[Start of section]

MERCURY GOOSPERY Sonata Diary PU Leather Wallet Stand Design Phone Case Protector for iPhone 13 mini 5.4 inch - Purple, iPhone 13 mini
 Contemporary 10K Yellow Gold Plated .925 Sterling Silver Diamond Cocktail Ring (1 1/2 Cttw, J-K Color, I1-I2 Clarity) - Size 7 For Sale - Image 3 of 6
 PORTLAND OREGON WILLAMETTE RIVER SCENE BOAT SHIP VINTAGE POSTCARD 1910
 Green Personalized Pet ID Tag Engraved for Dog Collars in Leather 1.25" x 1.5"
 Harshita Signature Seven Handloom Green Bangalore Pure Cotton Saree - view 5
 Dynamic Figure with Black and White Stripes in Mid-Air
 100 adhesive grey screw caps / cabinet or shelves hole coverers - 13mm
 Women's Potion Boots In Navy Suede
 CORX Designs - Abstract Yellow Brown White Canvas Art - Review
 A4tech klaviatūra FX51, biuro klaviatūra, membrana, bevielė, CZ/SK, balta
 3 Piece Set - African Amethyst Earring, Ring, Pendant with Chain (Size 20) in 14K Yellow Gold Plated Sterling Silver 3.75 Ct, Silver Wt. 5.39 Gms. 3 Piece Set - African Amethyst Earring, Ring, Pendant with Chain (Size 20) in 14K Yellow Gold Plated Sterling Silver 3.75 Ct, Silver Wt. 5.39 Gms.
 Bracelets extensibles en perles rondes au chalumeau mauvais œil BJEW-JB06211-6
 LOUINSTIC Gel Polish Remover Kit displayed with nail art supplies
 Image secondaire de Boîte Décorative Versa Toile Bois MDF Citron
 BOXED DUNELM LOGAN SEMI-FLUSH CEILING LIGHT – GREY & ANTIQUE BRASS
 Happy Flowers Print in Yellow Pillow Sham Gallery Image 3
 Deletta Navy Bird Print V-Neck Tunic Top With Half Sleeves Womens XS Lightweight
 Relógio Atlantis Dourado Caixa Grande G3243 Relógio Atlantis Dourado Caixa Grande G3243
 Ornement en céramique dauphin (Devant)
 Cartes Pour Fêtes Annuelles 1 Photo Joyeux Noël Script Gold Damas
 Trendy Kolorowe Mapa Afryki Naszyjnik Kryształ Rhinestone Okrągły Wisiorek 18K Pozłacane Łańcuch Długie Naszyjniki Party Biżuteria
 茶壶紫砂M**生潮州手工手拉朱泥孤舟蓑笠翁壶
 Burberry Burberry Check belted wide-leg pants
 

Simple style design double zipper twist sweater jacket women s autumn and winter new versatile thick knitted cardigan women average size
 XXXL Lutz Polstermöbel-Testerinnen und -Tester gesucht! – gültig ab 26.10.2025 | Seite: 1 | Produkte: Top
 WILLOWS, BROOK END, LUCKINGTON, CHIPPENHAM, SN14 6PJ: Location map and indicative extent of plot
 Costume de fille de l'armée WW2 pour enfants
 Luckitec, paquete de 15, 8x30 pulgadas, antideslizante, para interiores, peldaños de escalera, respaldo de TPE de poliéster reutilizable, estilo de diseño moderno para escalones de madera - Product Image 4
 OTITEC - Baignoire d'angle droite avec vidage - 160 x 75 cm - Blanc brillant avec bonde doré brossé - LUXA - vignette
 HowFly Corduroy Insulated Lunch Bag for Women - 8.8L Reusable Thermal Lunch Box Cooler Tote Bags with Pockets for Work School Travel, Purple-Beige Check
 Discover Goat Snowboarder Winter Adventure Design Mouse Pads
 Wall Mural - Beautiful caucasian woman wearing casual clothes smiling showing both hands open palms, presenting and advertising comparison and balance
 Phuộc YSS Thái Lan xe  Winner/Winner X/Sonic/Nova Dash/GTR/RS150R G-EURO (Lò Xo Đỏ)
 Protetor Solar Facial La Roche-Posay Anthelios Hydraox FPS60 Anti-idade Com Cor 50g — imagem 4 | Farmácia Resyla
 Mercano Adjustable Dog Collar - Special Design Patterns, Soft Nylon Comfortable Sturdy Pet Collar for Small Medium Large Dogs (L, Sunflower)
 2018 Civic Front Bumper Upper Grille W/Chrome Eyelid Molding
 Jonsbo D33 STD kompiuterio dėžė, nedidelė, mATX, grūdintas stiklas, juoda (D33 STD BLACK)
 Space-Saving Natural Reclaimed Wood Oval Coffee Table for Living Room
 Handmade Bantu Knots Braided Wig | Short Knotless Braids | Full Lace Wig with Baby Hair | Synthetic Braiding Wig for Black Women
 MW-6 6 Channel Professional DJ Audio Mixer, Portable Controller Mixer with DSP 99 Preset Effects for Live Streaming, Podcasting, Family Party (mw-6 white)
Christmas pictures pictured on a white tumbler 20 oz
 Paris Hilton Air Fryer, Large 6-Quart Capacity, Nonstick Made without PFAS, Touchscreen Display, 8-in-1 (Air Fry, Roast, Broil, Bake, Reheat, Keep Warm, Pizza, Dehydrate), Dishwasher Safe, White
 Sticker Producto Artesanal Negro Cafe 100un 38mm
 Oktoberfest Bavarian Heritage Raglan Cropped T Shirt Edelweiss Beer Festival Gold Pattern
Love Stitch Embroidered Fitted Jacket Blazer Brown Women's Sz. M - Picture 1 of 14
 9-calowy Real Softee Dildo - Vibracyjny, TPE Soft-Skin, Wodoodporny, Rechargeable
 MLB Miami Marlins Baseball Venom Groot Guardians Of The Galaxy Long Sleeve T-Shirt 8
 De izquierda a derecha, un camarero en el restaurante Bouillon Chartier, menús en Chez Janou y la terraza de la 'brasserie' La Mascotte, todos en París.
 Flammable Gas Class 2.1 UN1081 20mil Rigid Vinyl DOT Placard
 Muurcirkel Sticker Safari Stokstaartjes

[End of section]

## Directions for this task
Would you print, exactly as written, every line above from the one holding "A4tech klaviatūra FX51, biuro" through the one holding "Wall Mural - Beautiful", with both included and no other lines?

## Task output
 A4tech klaviatūra FX51, biuro klaviatūra, membrana, bevielė, CZ/SK, balta
 3 Piece Set - African Amethyst Earring, Ring, Pendant with Chain (Size 20) in 14K Yellow Gold Plated Sterling Silver 3.75 Ct, Silver Wt. 5.39 Gms. 3 Piece Set - African Amethyst Earring, Ring, Pendant with Chain (Size 20) in 14K Yellow Gold Plated Sterling Silver 3.75 Ct, Silver Wt. 5.39 Gms.
 Bracelets extensibles en perles rondes au chalumeau mauvais œil BJEW-JB06211-6
 LOUINSTIC Gel Polish Remover Kit displayed with nail art supplies
 Image secondaire de Boîte Décorative Versa Toile Bois MDF Citron
 BOXED DUNELM LOGAN SEMI-FLUSH CEILING LIGHT – GREY & ANTIQUE BRASS
 Happy Flowers Print in Yellow Pillow Sham Gallery Image 3
 Deletta Navy Bird Print V-Neck Tunic Top With Half Sleeves Womens XS Lightweight
 Relógio Atlantis Dourado Caixa Grande G3243 Relógio Atlantis Dourado Caixa Grande G3243
 Ornement en céramique dauphin (Devant)
 Cartes Pour Fêtes Annuelles 1 Photo Joyeux Noël Script Gold Damas
 Trendy Kolorowe Mapa Afryki Naszyjnik Kryształ Rhinestone Okrągły Wisiorek 18K Pozłacane Łańcuch Długie Naszyjniki Party Biżuteria
 茶壶紫砂M**生潮州手工手拉朱泥孤舟蓑笠翁壶
 Burberry Burberry Check belted wide-leg pants
 

Simple style design double zipper twist sweater jacket women s autumn and winter new versatile thick knitted cardigan women average size
 XXXL Lutz Polstermöbel-Testerinnen und -Tester gesucht! – gültig ab 26.10.2025 | Seite: 1 | Produkte: Top
 WILLOWS, BROOK END, LUCKINGTON, CHIPPENHAM, SN14 6PJ: Location map and indicative extent of plot
 Costume de fille de l'armée WW2 pour enfants
 Luckitec, paquete de 15, 8x30 pulgadas, antideslizante, para interiores, peldaños de escalera, respaldo de TPE de poliéster reutilizable, estilo de diseño moderno para escalones de madera - Product Image 4
 OTITEC - Baignoire d'angle droite avec vidage - 160 x 75 cm - Blanc brillant avec bonde doré brossé - LUXA - vignette
 HowFly Corduroy Insulated Lunch Bag for Women - 8.8L Reusable Thermal Lunch Box Cooler Tote Bags with Pockets for Work School Travel, Purple-Beige Check
 Discover Goat Snowboarder Winter Adventure Design Mouse Pads
 Wall Mural - Beautiful caucasian woman wearing casual clothes smiling showing both hands open palms, presenting and advertising comparison and balance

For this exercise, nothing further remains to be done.